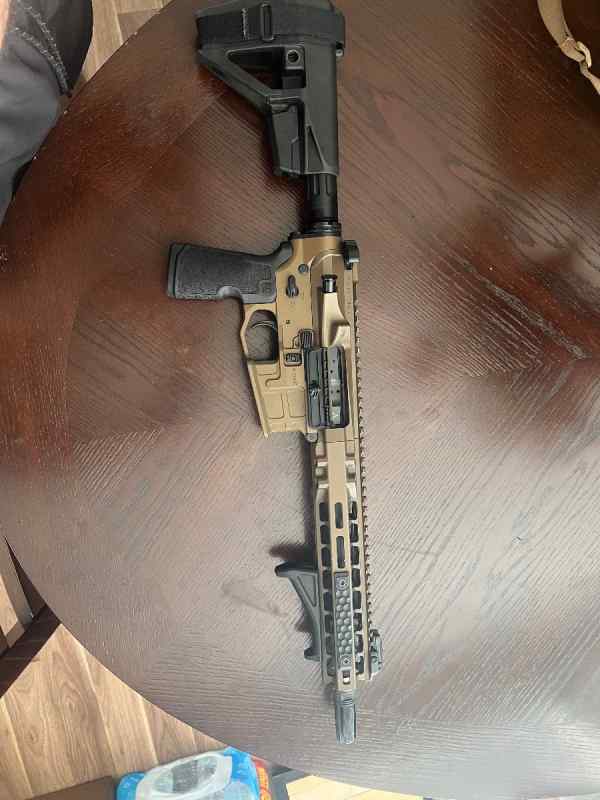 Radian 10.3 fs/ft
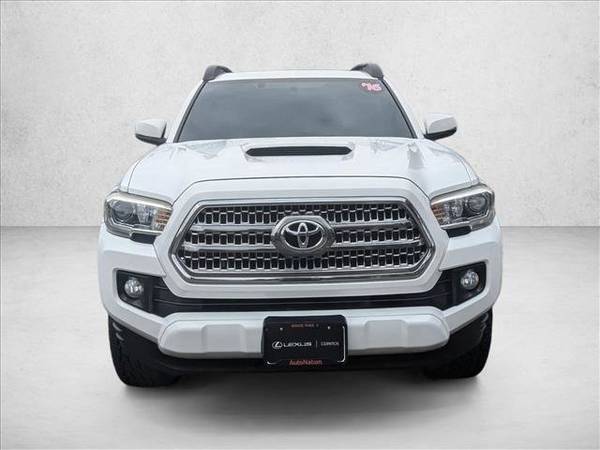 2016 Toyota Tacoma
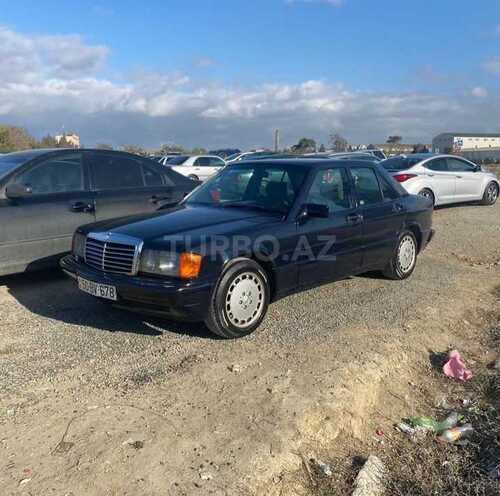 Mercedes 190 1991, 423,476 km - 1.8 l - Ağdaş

## Exercise objective
All the lines above are to be reproduced exactly, except the pictures.

## The answer
 Radian 10.3 fs/ft
 2016 Toyota Tacoma
 Mercedes 190 1991, 423,476 km - 1.8 l - Ağdaş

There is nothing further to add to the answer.